Lillian Frances Smith (August 4, 1871 – February 3, 1930) was an American trick shooter and trick rider who joined Buffalo Bill's Wild West in 1886, at the age of fourteen. She was billed as "the champion California huntress," and was a direct rival to Annie Oakley in the show.

==Biography==
Lillian Frances Smith was born on August 4, 1871 in Coleville, California to Levi Woodbury Smith, Jr. and Rebecca T. Robinson, the third of four children. Her parents were originally from Massachusetts and moved to Coleville in 1867. Smith began shooting at the age of 7 and was competing at 10. In 1886, at the age of 15, she joined Buffalo Bill's Wild West show, where she met her rival, Annie Oakley. They were never on friendly terms; Smith was a braggart and at one point declared "Annie Oakley was done for." Moreover, in contrast to Oakley, who was an extremely conservative dresser, Smith enjoyed flashy clothing and had a reputation as a "shameless flirt." Both Smith and Oakley traveled to Great Britain with the Wild West show and met Queen Victoria in 1887. Smith's poor performance at the annual Wimbledon rifle competition (as opposed to Oakley's favorable performance) brought mocking coverage by both the British and American press. A friend of Smith attempted to reverse the roles of Smith and Oakley in his recounting of the competition, but the claims received public responses by reputable sources. Smith left the show in 1889, as Oakley returned.
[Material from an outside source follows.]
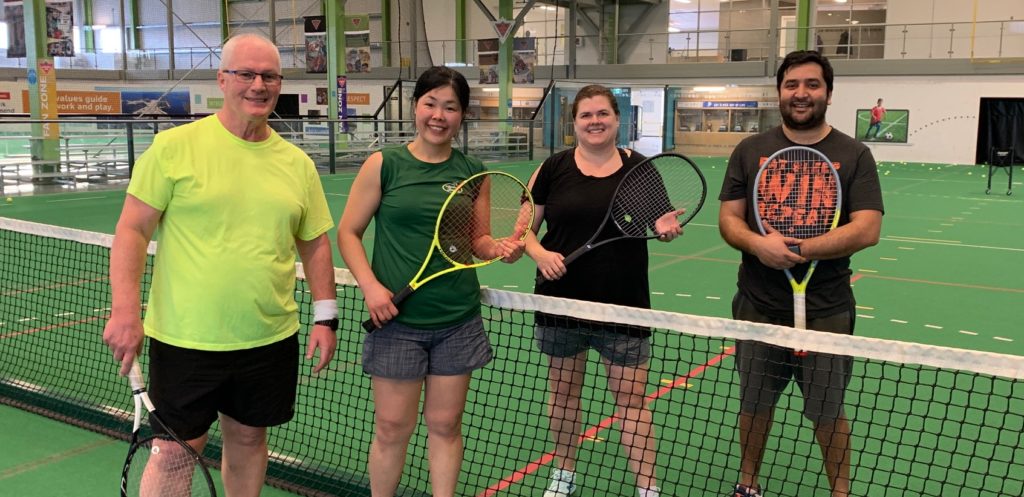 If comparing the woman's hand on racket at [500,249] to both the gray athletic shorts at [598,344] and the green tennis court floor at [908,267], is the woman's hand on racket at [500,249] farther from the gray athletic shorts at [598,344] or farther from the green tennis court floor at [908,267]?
the green tennis court floor at [908,267]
In 1907, Smith moved permanently to Oklahoma and became a fixture with the Miller Brothers 101 Ranch Wild West Show, performing as "Princess Wenona", a fictionalized Sioux princess. However, she continued to perform in other shows like Pawnee Bill's. After another 13 years as a record-setting sharpshooter and performer, Smith retired around 1920 and died in 1930 in Ponca City, Oklahoma, the home town of the 101 Ranch. She is buried at Odd Fellows Cemetery in Ponca City. Her grave was unmarked until a monumental headstone was placed there in 1999 by the 101 Ranch Old Timers Association. Another source mentions there was a small headstone with the name "P. Wenona" buried under the grass over time since her interment.

Smith was in at least four relationships throughout her life. She was formally married to James "Jim Kid" Willoughby and had common-law relationships with her other three husbands. The order of her husbands has differed between sources. All of her marriages ended in divorce. She did not have any children.